■ EXERCISE DATA ■

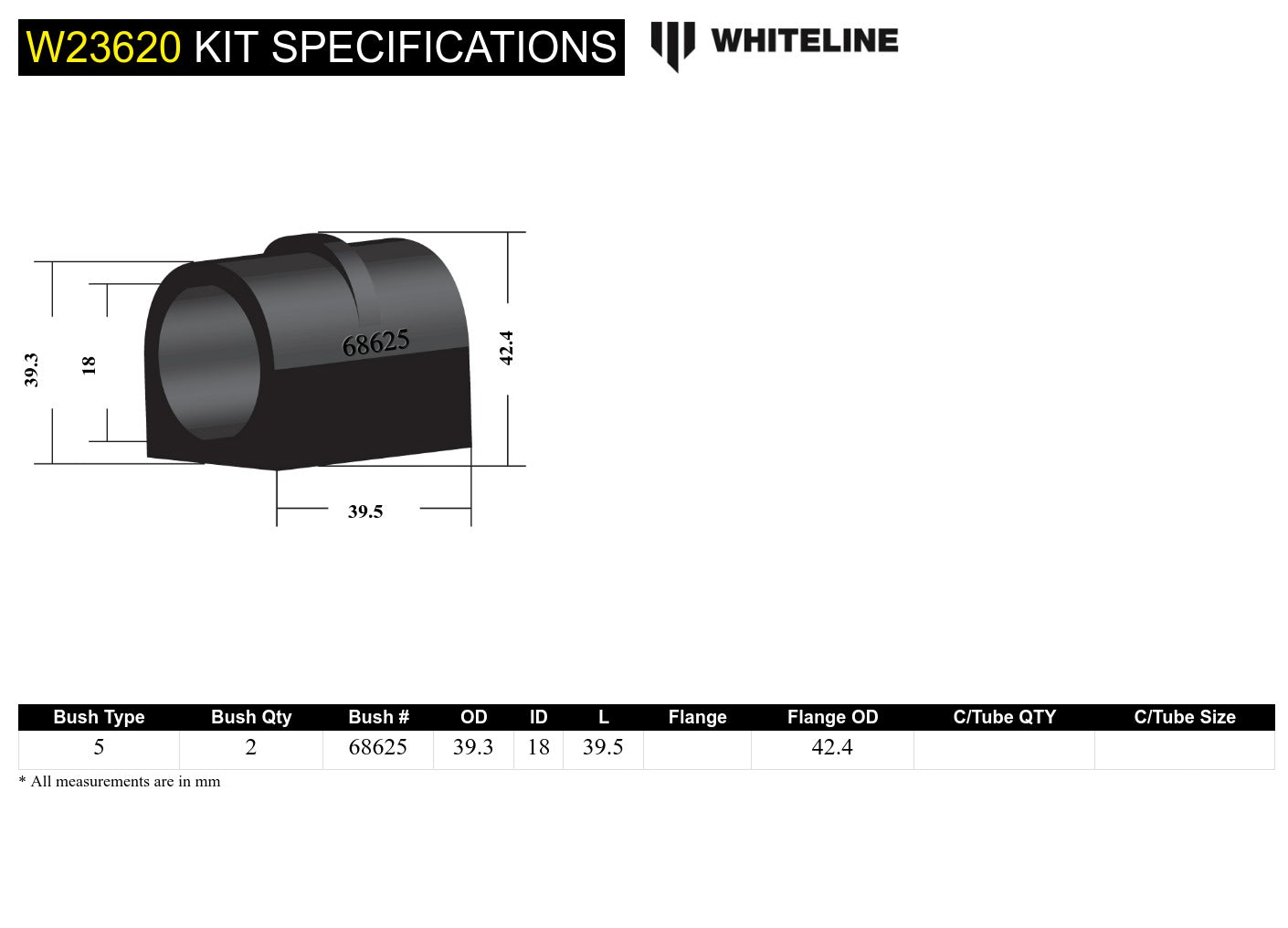 Rear Sway Bar Mount - Bushing Kit 18m to Suit Audi, Seat, Skoda and Volkswagen PQ35 Fwd/Awd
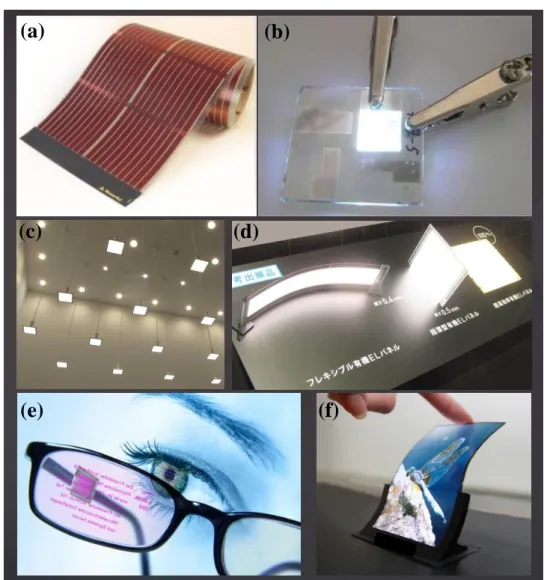 Figura 1.1: (a) C´ elulas fotovoltaicas orgˆ anicas; (b) Diodo emissor de luz; (c) Lumin´ arias de OLEDs; (d) Prot´ otipo de pain´ eis OLED; (e) ´ Oculos de dados OLED; (f ) Display flex´ıvel.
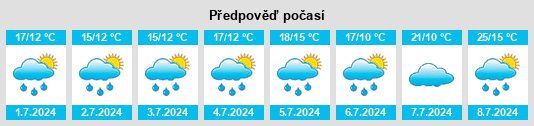 Výhled počasí pro místo Dreckenach na Slunečno.cz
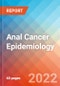 Anal Cancer - Epidemiology Forecast to 2032 - Product Thumbnail Image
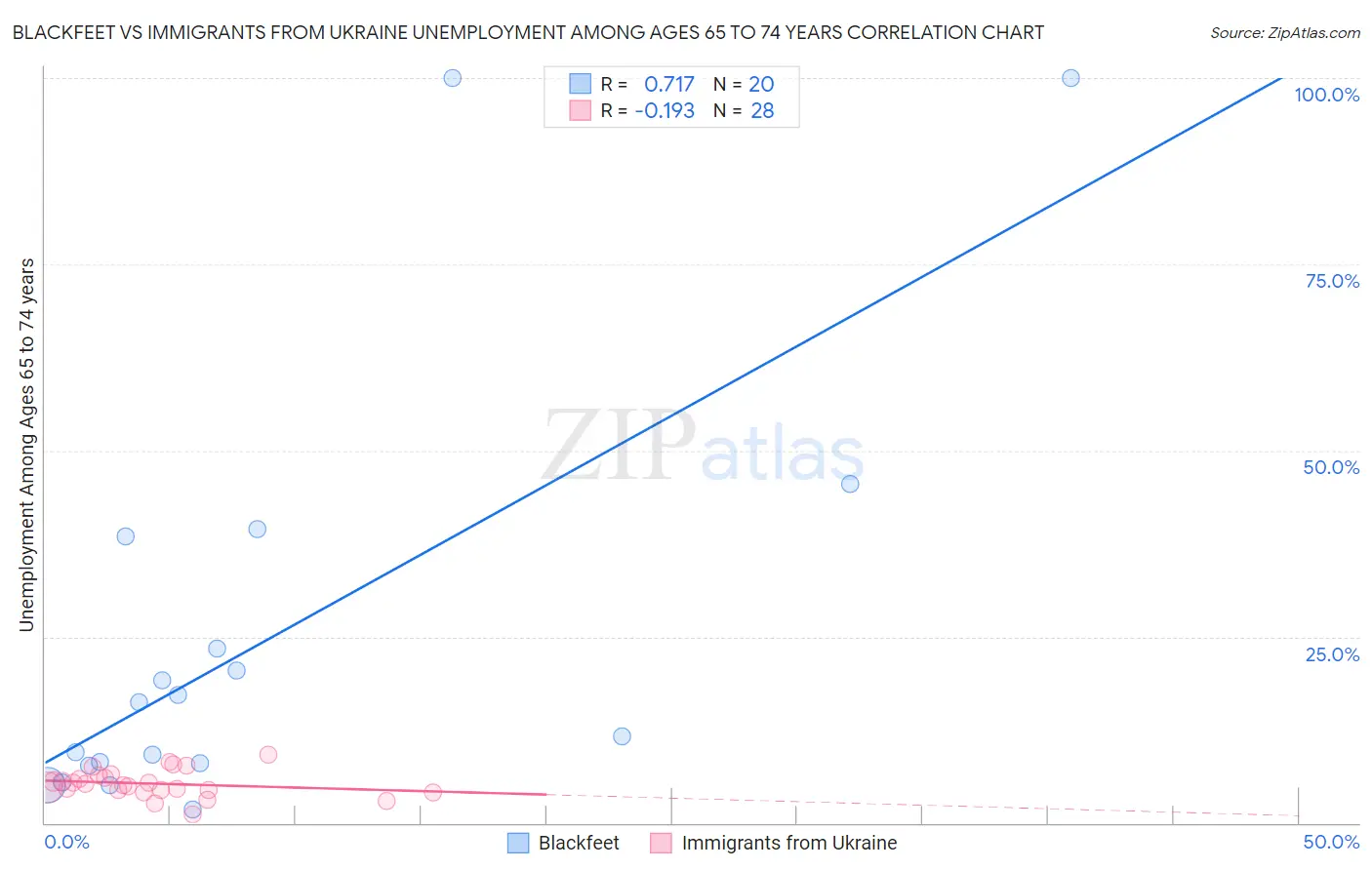 Blackfeet vs Immigrants from Ukraine Unemployment Among Ages 65 to 74 years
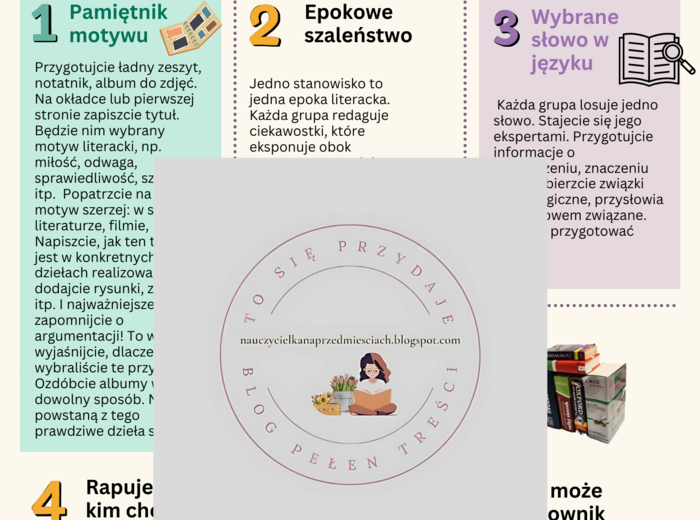 Projekty polonistyczne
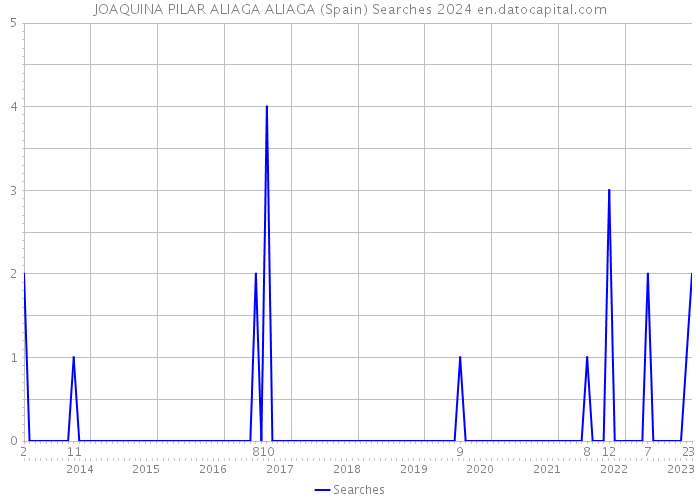 JOAQUINA PILAR ALIAGA ALIAGA (Spain) Searches 2024 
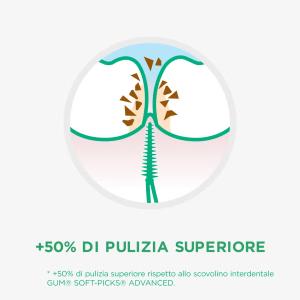 GUM - Scovolino interdentale in gomma - SOFT-PICKS® PRO - MEDIO - 30PZ (1=1PZ)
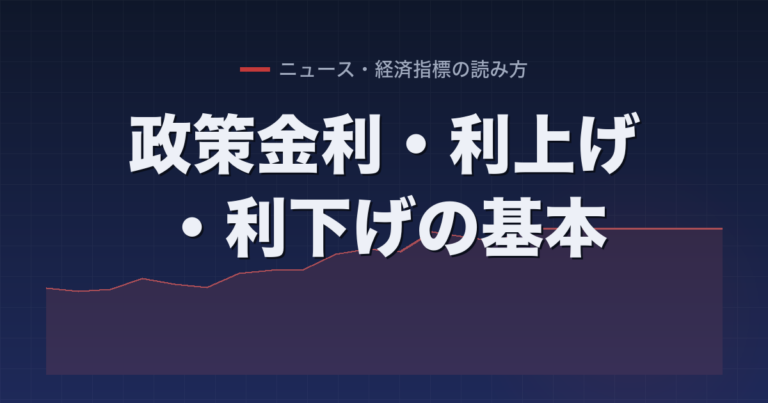 政策金利・利上げ・利下げの基本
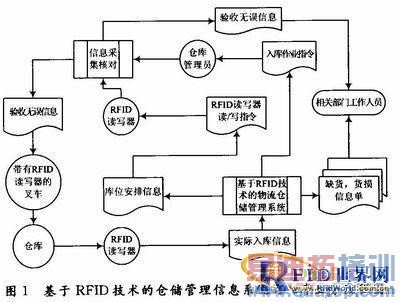 基于RFID的物流仓储管理信息系统的分析和设计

■ WHAT THE TASK ASKS ■
Give the entries above again exactly, minus their pictures.

■ OUTPUT FOR THIS EXERCISE ■
 Rear Sway Bar Mount - Bushing Kit 18m to Suit Audi, Seat, Skoda and Volkswagen PQ35 Fwd/Awd
 Figura 1.1: (a) C´ elulas fotovoltaicas orgˆ anicas; (b) Diodo emissor de luz; (c) Lumin´ arias de OLEDs; (d) Prot´ otipo de pain´ eis OLED; (e) ´ Oculos de dados OLED; (f ) Display flex´ıvel.
 Výhled počasí pro místo Dreckenach na Slunečno.cz
 Anal Cancer - Epidemiology Forecast to 2032 - Product Thumbnail Image
 Blackfeet vs Immigrants from Ukraine Unemployment Among Ages 65 to 74 years
 Projekty polonistyczne
 JOAQUINA PILAR ALIAGA ALIAGA (Spain) Searches 2024 
 GUM - Scovolino interdentale in gomma - SOFT-PICKS® PRO - MEDIO - 30PZ (1=1PZ)
 政策金利・利上げ・利下げの基本
 基于RFID的物流仓储管理信息系统的分析和设计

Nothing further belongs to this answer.